# Data Scoring and Filtering

- [Data Scoring and Filtering](#data-scoring-and-filtering)
  - [Aesthetic Scoring](#aesthetic-scoring)
    - [Requirement](#requirement)
    - [Usage](#usage)
  - [Optical Flow Score](#optical-flow-score)
  - [Matching Score](#matching-score)

## Aesthetic Scoring

To evaluate the aesthetic quality of videos, we use a pretrained model from [CLIP+MLP Aesthetic Score Predictor](https://github.com/christophschuhmann/improved-aesthetic-predictor). This model is trained on 176K SAC (Simulacra Aesthetic Captions) pairs, 15K LAION-Logos (Logos) pairs, and 250K AVA (The Aesthetic Visual Analysis) image-text pairs.

The score is between 1 and 10, where 5.5 can be considered as the threshold for fair aesthetics, and 6.5 for good aesthetics. Good text-to-image models can achieve a score of 7.0 or higher.

For videos, we extract the first, last, and the middle frames for evaluation. The script also supports images. Our script enables 1k videos/s with one GPU. It also supports multiple GPUs to further accelerate the process.

### Requirement

```bash
# install clip
pip install git+https://github.com/openai/CLIP.git
pip install decord

# get pretrained model
wget https://github.com/christophschuhmann/improved-aesthetic-predictor/raw/main/sac+logos+ava1-l14-linearMSE.pth -O pretrained_models/aesthetic.pth
```

### Usage

With `meta.csv` containing the paths to the videos, run the following command:

```bash
# output: meta_aes.csv
torchrun --nproc_per_node 8  -m tools.scoring.aesthetic.inference meta.csv --bs 1024 --num_workers 16
```

This will generate multiple part files, you can use `python -m tools.datasets.csvutil DATA1.csv DATA2.csv` to merge these part files.

## Optical Flow Score

Optical flow scores are used to assess the motion of a video. Higher optical flow scores indicate larger movement.
TODO: acknowledge UniMatch.

First get the pretrained model.

```bash
wget https://s3.eu-central-1.amazonaws.com/avg-projects/unimatch/pretrained/gmflow-scale2-regrefine6-mixdata-train320x576-4e7b215d.pth -P pretrained_models/unimatch
```

Then run:

```bash
torchrun --standalone --nproc_per_node 8 tools/scoring/optical_flow/inference.py /path/to/meta.csv
```

The output should be `/path/to/meta_flow.csv` with column `flow`.

## Matching Score

Matching scores are calculated to evaluate the alignment between an image/video and its caption.
For videos, we compute the matching score of the middle frame and the caption.

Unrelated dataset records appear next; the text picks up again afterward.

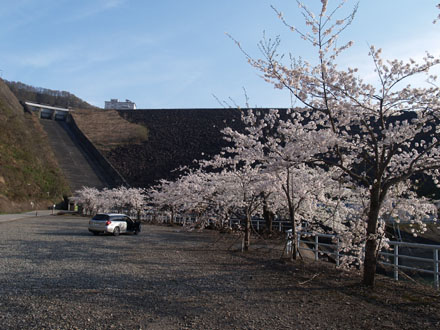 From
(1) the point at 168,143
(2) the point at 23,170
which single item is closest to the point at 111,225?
(2) the point at 23,170

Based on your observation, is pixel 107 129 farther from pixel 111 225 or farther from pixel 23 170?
pixel 111 225

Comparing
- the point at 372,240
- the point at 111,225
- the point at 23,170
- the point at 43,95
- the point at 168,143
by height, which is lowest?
the point at 111,225

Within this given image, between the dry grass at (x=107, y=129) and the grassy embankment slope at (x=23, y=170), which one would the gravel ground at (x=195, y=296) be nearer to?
the grassy embankment slope at (x=23, y=170)

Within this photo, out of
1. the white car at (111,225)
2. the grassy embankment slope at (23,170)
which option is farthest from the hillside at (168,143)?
the white car at (111,225)

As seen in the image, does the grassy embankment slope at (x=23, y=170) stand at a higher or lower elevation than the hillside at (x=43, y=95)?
lower

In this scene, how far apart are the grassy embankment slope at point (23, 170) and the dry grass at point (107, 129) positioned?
10.4 meters

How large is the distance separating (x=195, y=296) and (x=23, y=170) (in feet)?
158

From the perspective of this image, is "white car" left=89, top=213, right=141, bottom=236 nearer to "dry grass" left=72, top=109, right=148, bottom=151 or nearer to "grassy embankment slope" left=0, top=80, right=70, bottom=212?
"grassy embankment slope" left=0, top=80, right=70, bottom=212

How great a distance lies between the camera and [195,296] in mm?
6613

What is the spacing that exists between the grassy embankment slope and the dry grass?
10.4 m

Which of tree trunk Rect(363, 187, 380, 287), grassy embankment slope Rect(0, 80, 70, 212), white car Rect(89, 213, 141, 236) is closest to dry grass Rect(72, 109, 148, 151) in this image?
grassy embankment slope Rect(0, 80, 70, 212)

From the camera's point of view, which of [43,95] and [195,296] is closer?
[195,296]

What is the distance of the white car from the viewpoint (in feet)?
64.8

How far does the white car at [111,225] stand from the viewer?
64.8 ft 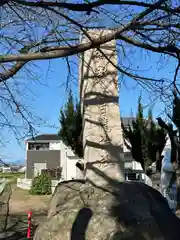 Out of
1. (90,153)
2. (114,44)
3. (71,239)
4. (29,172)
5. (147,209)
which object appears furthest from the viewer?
(29,172)

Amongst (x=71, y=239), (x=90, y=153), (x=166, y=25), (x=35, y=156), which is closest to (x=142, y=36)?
(x=166, y=25)

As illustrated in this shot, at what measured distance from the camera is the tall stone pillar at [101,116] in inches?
258

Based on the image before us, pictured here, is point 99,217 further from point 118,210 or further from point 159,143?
point 159,143

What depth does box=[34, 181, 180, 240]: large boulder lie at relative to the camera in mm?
5172

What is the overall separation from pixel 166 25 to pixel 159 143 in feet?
40.7

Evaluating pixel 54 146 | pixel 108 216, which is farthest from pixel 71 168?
pixel 108 216

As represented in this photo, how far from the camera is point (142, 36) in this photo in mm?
5953

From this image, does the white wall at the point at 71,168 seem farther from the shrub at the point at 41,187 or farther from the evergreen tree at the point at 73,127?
the evergreen tree at the point at 73,127

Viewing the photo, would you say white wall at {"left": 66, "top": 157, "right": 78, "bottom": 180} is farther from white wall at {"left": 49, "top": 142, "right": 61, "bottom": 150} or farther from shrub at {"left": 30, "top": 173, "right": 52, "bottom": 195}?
white wall at {"left": 49, "top": 142, "right": 61, "bottom": 150}

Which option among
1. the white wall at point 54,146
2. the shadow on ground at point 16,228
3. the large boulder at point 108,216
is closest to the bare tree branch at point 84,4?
the large boulder at point 108,216

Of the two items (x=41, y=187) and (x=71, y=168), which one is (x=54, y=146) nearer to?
(x=71, y=168)

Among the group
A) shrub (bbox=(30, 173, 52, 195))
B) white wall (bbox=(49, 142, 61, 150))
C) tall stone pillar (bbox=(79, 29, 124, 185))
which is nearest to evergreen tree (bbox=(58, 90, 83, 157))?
shrub (bbox=(30, 173, 52, 195))

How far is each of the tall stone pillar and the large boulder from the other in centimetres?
42

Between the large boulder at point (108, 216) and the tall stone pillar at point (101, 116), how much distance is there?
0.42 metres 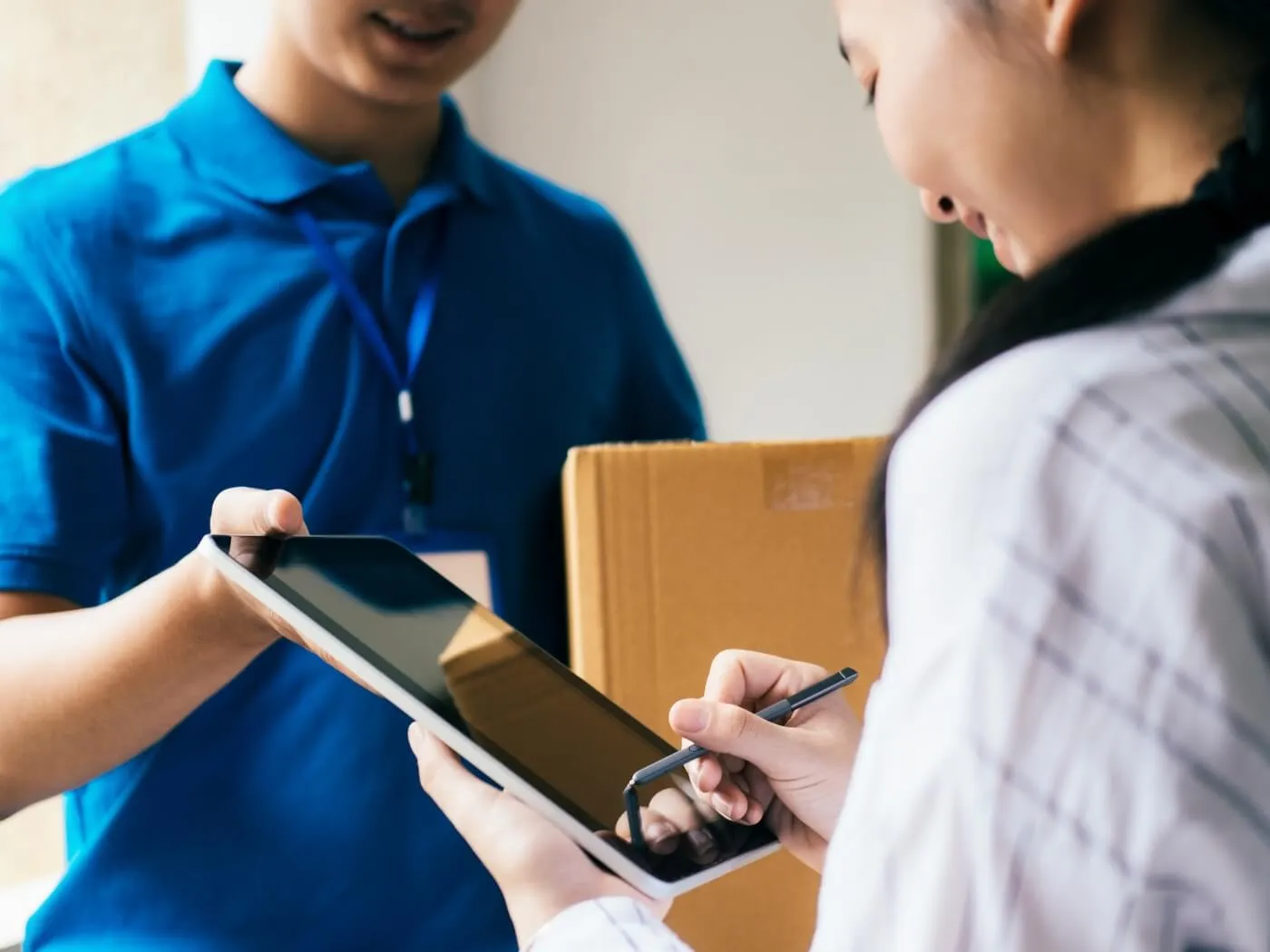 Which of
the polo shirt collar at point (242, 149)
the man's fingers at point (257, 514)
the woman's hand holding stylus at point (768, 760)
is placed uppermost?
the polo shirt collar at point (242, 149)

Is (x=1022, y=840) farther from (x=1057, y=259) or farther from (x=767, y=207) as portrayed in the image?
(x=767, y=207)

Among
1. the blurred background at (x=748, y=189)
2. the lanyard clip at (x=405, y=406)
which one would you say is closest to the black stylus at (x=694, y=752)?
the lanyard clip at (x=405, y=406)

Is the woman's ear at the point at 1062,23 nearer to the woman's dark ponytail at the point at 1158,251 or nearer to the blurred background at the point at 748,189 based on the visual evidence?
the woman's dark ponytail at the point at 1158,251

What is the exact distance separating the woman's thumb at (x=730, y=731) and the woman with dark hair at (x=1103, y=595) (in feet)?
0.65

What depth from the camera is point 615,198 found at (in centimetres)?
161

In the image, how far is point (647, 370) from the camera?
35.2 inches

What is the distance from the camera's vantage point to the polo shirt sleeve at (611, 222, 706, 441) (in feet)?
2.92

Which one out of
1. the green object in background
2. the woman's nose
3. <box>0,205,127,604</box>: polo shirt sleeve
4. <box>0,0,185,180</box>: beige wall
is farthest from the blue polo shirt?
the green object in background

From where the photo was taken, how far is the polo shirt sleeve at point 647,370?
889 mm

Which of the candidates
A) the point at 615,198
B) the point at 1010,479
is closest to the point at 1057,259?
the point at 1010,479

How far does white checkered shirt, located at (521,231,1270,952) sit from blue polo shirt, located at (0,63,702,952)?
42 centimetres

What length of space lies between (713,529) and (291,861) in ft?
1.08

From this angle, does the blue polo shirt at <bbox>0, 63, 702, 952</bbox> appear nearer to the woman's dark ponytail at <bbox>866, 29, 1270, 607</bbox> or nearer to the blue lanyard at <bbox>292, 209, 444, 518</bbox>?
the blue lanyard at <bbox>292, 209, 444, 518</bbox>

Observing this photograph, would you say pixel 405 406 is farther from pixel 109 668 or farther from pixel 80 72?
pixel 80 72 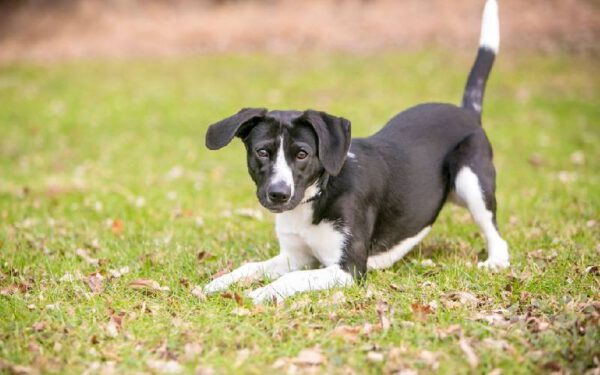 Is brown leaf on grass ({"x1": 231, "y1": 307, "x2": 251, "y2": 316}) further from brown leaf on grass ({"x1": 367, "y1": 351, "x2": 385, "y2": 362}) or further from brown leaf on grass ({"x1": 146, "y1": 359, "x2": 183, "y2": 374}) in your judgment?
brown leaf on grass ({"x1": 367, "y1": 351, "x2": 385, "y2": 362})

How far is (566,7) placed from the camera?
19.8 metres

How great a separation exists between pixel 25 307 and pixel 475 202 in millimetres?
3473

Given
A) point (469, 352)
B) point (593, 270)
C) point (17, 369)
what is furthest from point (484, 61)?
point (17, 369)

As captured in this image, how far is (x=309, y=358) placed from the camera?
3861mm

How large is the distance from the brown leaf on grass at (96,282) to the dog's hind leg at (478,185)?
287 centimetres

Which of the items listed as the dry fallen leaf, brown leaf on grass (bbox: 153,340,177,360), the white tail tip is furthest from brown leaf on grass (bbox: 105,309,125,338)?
the white tail tip

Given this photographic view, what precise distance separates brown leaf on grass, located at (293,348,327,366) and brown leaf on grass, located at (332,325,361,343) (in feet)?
0.73

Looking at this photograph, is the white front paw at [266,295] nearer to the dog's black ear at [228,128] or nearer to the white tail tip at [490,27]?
the dog's black ear at [228,128]

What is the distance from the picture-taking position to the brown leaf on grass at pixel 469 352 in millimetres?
3770

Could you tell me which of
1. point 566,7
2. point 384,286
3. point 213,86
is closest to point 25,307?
point 384,286

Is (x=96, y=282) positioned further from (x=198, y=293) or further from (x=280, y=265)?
(x=280, y=265)

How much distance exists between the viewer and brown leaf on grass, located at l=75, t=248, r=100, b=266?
18.9ft

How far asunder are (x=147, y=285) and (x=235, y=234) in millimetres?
1799

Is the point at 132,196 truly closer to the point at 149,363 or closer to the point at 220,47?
the point at 149,363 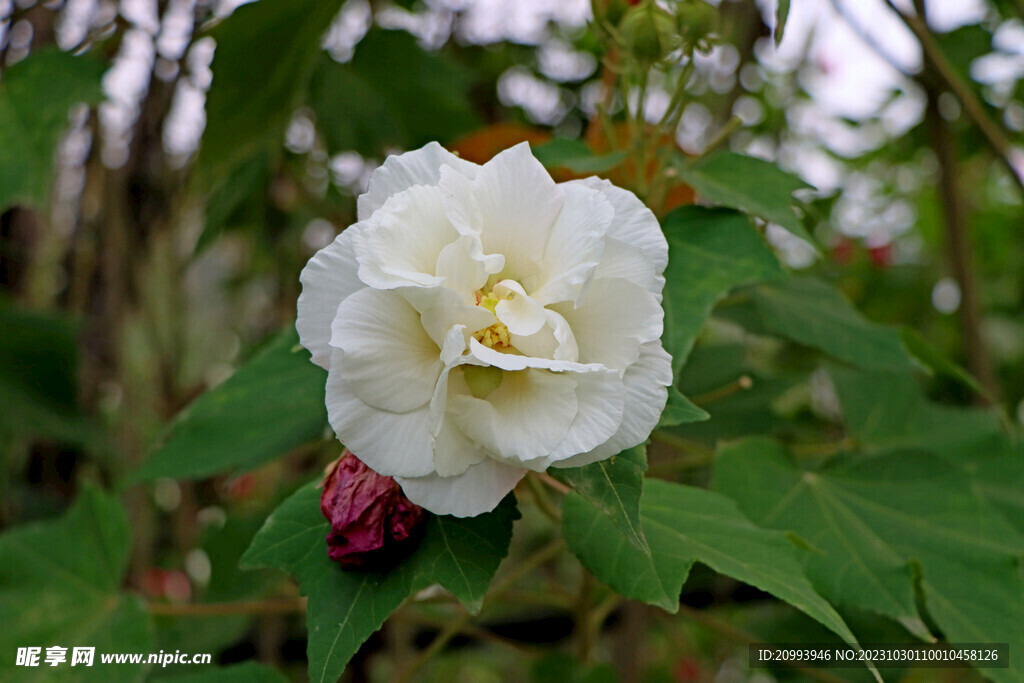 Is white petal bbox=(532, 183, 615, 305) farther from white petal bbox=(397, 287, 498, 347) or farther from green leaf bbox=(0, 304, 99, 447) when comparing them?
green leaf bbox=(0, 304, 99, 447)

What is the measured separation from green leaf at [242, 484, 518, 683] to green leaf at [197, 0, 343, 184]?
1.79 ft

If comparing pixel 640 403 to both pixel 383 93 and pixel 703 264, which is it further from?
pixel 383 93

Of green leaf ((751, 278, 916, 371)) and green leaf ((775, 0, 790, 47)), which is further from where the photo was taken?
green leaf ((751, 278, 916, 371))

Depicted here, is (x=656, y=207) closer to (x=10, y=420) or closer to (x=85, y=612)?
(x=85, y=612)

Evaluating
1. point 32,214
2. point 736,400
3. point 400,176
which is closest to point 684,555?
point 400,176

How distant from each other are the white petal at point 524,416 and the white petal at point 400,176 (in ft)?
0.37

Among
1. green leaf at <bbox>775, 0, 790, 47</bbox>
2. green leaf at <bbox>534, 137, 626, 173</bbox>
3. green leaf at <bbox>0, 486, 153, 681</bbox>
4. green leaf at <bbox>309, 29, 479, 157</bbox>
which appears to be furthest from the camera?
green leaf at <bbox>309, 29, 479, 157</bbox>

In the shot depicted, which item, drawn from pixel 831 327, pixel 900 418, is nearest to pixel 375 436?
pixel 831 327

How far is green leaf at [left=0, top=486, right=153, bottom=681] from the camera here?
2.14 feet

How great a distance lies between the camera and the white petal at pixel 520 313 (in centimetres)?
35

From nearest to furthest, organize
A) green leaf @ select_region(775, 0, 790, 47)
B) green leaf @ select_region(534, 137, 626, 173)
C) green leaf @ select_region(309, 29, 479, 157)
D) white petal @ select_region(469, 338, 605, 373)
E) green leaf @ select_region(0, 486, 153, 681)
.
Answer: white petal @ select_region(469, 338, 605, 373) → green leaf @ select_region(775, 0, 790, 47) → green leaf @ select_region(534, 137, 626, 173) → green leaf @ select_region(0, 486, 153, 681) → green leaf @ select_region(309, 29, 479, 157)

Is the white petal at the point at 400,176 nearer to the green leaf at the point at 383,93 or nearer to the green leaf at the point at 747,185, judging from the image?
the green leaf at the point at 747,185

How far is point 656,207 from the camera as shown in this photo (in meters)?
0.61

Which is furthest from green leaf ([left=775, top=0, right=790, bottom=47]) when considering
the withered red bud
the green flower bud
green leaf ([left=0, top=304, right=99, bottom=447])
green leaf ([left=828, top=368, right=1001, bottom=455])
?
green leaf ([left=0, top=304, right=99, bottom=447])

**Make sure** meta files contain the column `text`, which is the caption of the sample. Then run:

```bash
torchrun --standalone --nproc_per_node 8 tools/scoring/matching/inference.py /path/to/meta.csv
```

The output should be `/path/to/meta_match.csv` with column `match`. Higher matching scores indicate better image-text/video-text alignment.